Dans une certaine mesure, ce The Day the Earth Stood Still
version 2008 semble vouloir s’imposer autant comme une relecture
que comme la suite logique du film de 1951 - même s’il ne
traite en soi aucunement des mêmes thématiques. La guerre
froide et la peur du nucléaire ont évidemment laissé
la place à des préoccupations d’ordre beaucoup plus
écologique ainsi qu’à une « profonde »
remise en question de la nature même de notre humanité.

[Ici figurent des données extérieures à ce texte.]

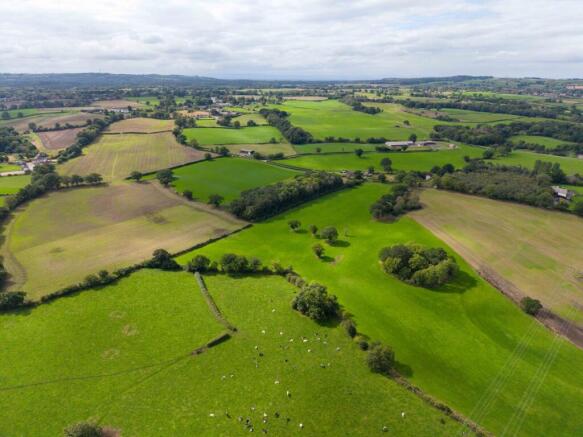 Norley Lane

Mais si le Klaatu du long-métrage de Robert Wise venait livrer
un avertissement et un message de paix à une espèce encore
respectable, et surtout récupérable, l’extra-terrestre
ne se manifestera cette fois-ci qu’au moment où les dés
auront visiblement déjà été jetés.
L’équation sera en soi fort simple, mais peu réjouissante
: si la Terre s’éteint, la race humaine périt avec
elle ; mais si l’homme disparaît de sa surface, la planète
bleue survit. Il s’en suit une inévitable course contre
la montre au cours de laquelle une poignée d’élus
tenteront d’éviter un nouveau déluge en s’attirant
les bonnes grâces de leur bourreau. Le problème est qu’autant
le scénario de David Scarpa semblera vouloir s’attaquer
à des enjeux tout de même assez complexes, autant l’inévitable
sauvetage in extremis qui permettra à tout le monde de respirer
un peu mieux effacera subitement toute trace d’un discours qui
aurait dû normalement déboucher sur des conclusions un
peu plus inspirantes et constructives. Le tout au profit d’une
résolution beaucoup trop simpliste - pour ne pas dire carrément
vide et insignifiante. Les deux cinéastes nous laisseront alors
en plan avec une morale à double-tranchant sur le pouvoir de
l’amour et l’imprévisibilité du caractère
humain, laquelle sera présentée à l’écran
d’une manière tout aussi mécanique et désintéressée.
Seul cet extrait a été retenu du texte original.